===== EXERCISE INPUT

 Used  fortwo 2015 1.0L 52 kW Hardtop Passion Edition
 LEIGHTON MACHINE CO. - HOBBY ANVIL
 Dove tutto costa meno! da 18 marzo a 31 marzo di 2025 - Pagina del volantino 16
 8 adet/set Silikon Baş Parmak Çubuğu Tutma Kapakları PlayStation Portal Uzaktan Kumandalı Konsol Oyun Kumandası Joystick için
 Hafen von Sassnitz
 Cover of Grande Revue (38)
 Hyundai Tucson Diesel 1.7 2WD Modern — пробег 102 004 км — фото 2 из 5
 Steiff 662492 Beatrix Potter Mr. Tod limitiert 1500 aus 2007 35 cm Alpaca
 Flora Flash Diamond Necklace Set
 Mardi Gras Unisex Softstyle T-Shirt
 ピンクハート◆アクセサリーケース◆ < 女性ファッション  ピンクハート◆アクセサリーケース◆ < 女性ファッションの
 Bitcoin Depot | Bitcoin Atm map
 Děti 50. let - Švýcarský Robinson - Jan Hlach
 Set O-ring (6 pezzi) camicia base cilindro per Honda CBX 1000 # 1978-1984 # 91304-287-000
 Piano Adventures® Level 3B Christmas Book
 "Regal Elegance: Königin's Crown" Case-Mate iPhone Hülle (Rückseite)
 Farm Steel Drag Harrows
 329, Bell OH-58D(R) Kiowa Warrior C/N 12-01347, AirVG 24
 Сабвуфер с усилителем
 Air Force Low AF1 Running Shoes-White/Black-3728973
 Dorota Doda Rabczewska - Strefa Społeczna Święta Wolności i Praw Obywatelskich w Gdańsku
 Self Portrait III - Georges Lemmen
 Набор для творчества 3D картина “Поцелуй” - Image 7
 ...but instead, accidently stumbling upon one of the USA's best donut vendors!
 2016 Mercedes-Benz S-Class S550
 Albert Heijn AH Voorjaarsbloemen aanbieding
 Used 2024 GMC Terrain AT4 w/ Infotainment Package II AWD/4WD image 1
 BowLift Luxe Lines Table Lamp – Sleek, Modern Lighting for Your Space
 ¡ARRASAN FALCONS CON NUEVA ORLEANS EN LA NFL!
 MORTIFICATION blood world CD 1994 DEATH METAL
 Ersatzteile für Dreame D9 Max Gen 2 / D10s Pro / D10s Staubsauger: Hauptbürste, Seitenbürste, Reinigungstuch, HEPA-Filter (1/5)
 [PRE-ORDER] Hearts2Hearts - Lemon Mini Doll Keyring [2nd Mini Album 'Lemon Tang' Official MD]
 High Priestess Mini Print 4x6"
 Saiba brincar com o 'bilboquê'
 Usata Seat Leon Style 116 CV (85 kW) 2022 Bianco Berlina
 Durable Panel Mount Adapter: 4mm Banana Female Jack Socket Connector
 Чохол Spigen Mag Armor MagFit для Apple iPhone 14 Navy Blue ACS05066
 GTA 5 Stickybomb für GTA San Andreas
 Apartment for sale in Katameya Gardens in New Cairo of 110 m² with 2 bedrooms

==========

PROBLEM: Scan the entries for lines holding the string "Mini", then copy every one of them.

ANSWER FOR THE TASK:
 [PRE-ORDER] Hearts2Hearts - Lemon Mini Doll Keyring [2nd Mini Album 'Lemon Tang' Official MD]
 High Priestess Mini Print 4x6"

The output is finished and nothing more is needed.